The fact that ultimately no tax was avoided does not mean that the arrangements cannot have had the purpose of avoiding liability to tax (see paragraph 63 above). The Tribunal does not accept the Appellant’s contention that this conclusion means that merely thinking about tax avoidance, without actually avoiding tax, will constitute tax avoidance. The Appellant in this case did not merely think about tax avoidance. The Appellant took professional advice on steps that could be taken to achieve a significant corporation tax advantage, and then entered into a series of legal transactions to implement that advice in practice. It then submitted a corporation tax return reflecting the tax advantage to which it believed that it was entitled. It might well be that the Appellant would ultimately have enjoyed that tax advantage in practice if HMRC had not enquired into the return.
The deemed market value rule applied
By virtue of s 53(1A) FA 2003, the chargeable consideration for the acquisition of the Lease by the Appellant is to be taken to be not less than the market value of the Lease as at 5 July 2011, the effective date of the transaction.
Section 53 FA 2003 applies in this case.

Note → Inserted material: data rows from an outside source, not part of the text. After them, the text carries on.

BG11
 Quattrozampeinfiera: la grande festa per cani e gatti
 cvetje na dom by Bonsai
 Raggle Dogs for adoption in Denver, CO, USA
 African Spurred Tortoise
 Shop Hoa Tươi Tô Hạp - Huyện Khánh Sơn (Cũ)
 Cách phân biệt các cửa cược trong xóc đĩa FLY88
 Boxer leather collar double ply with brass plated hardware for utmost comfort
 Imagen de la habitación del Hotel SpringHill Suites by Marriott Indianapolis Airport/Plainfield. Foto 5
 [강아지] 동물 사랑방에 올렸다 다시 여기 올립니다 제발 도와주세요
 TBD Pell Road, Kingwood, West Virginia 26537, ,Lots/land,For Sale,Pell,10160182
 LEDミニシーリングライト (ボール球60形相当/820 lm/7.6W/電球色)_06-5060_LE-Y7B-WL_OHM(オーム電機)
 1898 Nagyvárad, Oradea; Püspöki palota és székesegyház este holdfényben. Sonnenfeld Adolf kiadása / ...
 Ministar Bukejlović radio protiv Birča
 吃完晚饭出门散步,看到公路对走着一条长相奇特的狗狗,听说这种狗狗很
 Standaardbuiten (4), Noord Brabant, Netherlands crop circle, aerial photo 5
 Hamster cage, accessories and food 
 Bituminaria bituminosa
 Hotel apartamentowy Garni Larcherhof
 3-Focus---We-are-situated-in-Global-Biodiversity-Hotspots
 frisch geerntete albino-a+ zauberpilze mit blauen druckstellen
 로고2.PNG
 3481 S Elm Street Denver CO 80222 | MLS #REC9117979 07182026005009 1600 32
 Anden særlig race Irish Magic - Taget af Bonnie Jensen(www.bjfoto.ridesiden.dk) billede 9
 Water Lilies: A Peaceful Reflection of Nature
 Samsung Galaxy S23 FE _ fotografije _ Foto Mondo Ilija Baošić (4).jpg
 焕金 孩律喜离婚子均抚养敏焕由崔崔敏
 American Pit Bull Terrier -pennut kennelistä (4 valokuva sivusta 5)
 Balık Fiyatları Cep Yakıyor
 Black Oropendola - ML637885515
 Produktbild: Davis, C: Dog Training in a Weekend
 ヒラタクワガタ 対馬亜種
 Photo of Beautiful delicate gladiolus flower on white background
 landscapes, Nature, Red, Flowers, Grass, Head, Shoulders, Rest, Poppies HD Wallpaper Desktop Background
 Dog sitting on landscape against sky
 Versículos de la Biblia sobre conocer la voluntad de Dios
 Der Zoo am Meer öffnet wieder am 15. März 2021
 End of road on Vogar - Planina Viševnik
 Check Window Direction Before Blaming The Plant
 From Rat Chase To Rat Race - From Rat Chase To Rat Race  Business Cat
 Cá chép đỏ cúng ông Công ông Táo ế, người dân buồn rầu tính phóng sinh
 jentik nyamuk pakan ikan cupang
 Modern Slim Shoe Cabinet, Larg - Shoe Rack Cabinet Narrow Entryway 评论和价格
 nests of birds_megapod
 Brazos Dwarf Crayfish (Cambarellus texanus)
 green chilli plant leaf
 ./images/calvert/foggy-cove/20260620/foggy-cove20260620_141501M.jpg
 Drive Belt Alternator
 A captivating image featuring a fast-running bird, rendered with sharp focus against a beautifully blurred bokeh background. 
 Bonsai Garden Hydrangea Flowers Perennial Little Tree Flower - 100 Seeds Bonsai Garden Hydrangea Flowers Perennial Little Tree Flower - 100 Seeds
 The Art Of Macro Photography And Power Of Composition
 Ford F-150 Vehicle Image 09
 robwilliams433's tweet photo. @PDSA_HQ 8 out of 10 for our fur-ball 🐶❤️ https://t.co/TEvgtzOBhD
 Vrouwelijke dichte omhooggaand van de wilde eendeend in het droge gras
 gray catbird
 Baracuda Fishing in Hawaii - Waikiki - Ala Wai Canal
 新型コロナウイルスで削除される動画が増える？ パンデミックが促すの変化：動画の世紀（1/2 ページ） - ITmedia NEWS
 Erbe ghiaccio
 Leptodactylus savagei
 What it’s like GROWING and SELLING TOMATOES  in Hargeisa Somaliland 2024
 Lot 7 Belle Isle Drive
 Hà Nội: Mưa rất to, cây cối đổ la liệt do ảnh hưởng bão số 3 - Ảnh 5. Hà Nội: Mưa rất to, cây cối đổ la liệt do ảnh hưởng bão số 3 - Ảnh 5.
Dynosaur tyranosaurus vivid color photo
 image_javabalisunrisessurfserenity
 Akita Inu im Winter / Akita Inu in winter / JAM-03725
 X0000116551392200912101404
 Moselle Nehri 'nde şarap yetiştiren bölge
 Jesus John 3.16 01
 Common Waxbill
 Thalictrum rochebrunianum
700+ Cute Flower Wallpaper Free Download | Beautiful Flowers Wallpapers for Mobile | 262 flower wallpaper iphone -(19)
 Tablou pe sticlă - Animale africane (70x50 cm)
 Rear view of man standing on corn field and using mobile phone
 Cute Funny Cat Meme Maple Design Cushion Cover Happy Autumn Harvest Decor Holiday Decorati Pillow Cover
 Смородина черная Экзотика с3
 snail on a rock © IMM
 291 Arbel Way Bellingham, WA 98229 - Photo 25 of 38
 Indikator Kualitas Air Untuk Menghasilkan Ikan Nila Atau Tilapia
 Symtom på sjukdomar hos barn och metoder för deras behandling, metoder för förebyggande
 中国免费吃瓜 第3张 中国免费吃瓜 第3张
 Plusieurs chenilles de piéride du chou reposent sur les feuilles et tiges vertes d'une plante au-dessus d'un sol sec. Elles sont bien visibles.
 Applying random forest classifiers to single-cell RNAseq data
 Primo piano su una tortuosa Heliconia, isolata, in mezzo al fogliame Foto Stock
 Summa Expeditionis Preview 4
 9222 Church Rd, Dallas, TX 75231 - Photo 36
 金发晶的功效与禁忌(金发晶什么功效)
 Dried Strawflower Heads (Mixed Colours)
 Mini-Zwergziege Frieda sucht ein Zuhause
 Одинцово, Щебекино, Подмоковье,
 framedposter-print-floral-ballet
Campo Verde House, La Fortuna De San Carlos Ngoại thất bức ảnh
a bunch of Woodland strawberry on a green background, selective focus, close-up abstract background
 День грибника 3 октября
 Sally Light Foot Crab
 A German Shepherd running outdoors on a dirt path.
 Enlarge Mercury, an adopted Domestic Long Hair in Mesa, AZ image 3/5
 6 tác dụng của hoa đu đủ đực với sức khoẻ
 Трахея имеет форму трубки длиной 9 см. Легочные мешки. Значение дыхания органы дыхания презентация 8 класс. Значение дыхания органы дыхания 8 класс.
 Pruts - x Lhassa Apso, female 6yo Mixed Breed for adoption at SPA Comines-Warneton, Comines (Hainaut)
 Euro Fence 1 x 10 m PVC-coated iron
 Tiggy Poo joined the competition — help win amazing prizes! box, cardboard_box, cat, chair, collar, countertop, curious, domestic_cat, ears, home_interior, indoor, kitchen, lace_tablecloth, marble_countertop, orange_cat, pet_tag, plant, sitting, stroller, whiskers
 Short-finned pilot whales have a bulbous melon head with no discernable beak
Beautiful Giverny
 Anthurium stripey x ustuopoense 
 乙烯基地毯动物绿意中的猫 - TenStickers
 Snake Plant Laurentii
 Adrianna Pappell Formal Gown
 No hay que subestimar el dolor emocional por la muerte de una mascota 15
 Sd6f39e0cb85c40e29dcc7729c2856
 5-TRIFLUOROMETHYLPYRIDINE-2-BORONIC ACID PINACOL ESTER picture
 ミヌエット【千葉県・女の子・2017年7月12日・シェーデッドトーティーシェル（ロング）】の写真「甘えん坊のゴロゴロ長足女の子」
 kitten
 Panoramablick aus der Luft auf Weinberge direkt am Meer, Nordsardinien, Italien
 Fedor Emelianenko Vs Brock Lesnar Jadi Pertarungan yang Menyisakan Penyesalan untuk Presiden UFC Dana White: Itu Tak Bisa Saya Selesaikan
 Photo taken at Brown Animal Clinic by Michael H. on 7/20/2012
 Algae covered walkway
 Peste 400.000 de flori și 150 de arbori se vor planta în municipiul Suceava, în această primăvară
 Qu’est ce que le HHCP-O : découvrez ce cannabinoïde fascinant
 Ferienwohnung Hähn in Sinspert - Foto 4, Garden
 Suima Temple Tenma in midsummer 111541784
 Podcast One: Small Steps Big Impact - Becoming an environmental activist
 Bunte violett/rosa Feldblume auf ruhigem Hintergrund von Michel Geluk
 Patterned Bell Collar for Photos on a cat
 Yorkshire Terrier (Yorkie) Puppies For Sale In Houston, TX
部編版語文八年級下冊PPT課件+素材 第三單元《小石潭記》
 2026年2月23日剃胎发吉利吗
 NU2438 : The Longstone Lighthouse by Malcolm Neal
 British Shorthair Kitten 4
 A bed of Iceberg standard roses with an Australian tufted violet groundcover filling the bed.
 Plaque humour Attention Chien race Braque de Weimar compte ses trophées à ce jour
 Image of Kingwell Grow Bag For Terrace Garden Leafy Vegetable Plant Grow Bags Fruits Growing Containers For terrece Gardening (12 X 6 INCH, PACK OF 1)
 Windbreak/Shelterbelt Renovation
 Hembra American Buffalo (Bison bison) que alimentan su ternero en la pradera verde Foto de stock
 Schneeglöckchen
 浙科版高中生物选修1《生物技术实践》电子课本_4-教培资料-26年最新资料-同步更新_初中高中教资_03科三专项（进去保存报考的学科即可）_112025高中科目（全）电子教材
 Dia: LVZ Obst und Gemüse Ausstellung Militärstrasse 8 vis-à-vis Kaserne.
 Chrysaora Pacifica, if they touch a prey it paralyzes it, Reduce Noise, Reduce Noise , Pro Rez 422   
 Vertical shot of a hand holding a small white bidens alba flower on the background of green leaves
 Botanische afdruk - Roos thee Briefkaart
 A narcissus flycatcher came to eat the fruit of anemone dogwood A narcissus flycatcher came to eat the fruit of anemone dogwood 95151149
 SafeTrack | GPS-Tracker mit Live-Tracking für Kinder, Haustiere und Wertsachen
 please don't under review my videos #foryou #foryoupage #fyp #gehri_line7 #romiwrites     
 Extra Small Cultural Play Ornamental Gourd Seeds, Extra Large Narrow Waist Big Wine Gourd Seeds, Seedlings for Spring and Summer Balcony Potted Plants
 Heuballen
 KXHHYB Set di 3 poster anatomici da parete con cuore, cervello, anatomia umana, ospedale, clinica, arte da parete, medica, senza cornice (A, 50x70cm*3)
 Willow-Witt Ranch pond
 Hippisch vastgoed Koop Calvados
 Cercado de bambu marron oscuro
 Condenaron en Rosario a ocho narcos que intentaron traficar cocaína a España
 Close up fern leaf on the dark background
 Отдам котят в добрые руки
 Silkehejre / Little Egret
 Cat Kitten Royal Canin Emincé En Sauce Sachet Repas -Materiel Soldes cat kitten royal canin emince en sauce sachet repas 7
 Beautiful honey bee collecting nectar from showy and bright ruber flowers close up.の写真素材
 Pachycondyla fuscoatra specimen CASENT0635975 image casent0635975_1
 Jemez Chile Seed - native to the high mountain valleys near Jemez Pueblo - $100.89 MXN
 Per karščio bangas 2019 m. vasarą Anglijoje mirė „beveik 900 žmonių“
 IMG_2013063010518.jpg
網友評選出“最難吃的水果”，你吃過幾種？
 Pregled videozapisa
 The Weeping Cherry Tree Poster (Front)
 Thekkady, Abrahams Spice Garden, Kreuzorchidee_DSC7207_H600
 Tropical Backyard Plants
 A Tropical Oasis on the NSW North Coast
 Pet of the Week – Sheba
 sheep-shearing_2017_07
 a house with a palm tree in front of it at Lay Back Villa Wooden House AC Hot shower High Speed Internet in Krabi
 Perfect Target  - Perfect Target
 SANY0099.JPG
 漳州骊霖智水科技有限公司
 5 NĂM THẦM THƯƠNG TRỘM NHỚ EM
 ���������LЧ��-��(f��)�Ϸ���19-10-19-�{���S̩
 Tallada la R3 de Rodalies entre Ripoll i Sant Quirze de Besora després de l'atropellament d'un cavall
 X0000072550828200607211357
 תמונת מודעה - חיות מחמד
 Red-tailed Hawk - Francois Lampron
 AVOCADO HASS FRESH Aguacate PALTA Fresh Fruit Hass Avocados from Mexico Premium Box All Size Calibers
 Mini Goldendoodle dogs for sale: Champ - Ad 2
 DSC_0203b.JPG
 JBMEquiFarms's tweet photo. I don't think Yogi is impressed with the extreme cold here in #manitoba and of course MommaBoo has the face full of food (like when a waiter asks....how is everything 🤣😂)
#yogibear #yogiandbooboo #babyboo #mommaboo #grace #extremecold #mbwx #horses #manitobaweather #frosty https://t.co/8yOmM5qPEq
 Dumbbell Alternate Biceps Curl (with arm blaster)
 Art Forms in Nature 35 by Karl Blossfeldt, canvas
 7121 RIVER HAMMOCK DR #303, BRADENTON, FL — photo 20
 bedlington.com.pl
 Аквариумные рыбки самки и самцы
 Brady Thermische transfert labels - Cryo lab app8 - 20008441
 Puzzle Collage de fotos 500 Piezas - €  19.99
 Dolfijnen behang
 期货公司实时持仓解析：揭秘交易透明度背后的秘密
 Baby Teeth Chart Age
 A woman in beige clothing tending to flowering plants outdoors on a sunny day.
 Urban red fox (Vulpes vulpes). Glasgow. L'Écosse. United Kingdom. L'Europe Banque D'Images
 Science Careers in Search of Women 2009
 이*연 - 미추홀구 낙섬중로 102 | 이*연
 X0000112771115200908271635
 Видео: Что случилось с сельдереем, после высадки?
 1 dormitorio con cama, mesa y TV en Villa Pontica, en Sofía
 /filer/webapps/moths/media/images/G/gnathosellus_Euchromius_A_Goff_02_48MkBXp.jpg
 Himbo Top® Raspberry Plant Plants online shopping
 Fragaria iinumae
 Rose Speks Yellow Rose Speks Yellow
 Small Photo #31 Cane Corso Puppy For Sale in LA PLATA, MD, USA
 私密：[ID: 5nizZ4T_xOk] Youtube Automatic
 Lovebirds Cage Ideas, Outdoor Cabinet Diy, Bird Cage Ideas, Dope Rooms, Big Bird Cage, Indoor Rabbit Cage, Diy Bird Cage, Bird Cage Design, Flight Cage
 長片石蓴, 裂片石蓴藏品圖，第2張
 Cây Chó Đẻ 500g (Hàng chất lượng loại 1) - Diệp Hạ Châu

It is undisputed that the purchaser, the Appellant, is a company, and that the vendor, B64, is “connected” to the Appellant for purposes of s 53(1)(a) and (2) FA 2003.
None of the exceptions in s 54 FA 2003 apply.
The only potentially applicable exception identified by the parties is Case 3 in s 54(4) FA 2003.
However, pursuant to s 54(4)(b), the exception in Case 3 will not apply if the subject matter of the transaction (that is, the Lease) had, within the period of three years immediately preceding the effective date of the transaction, been the subject of a transaction in respect of which group relief was claimed by the vendor (that is, by B64).
Earlier in the day on 5 July 2011, before the Lease was transferred by B64 to the Appellant, the Lease had been granted by SGSL to B64. In respect of this transaction, B64 submitted a land transaction return in which it made a group relief claim. Thus, at the time of the transfer of the Lease from B64 to the Appellant, the Lease had been subject to an earlier transaction in which a group relief claim had been made. The fact that the earlier transaction occurred on the same day is immaterial (see paragraph 71 above).
It is immaterial that HMRC concluded that the group relief claim made by B64 did not need to be considered because sub-sale relief was available. The operation of s 54(4)(b) depends on whether or not B64 made a group relief claim in respect of the earlier transaction, not whether B64 was entitled to group relief, and not whether HMRC considered that B64 was entitled to group relief (paragraphs 73-81 above).
In view of this conclusion, there is no need to determine whether the sale of the Lease by B64 to the Appellant at book value (that is to say, at an under-value) was a “distribution of the assets of that company” for purposes of s 54(4)(a) FA 2003.
Section 75A FA 2003 does not apply
Section 75A FA 2003 does not apply, because the requirement in s 75A(1)(c) is not satisfied.
It follows from the findings above that the Appellant is chargeable to SDLT on its acquisition of the Lease from B64, based on the market value of the Lease on the effective date of the transaction. No greater amount of SDLT would have been payable on a notional transfer of the Lease directly from SGSL to the Appellant.
RIGHT TO APPLY FOR PERMISSION TO APPEAL
This document contains full findings of fact and reasons for the decision. Any party dissatisfied with this decision has a right to apply for permission to appeal against it pursuant to Rule 39 of the Tribunal Procedure (First-tier Tribunal) (Tax Chamber) Rules 2009. The application must be received by this Tribunal not later than 56 days after this decision is sent to that party. The parties are referred to “Guidance to accompany a Decision from the First-tier Tribunal (Tax Chamber)” which accompanies and forms part of this decision notice.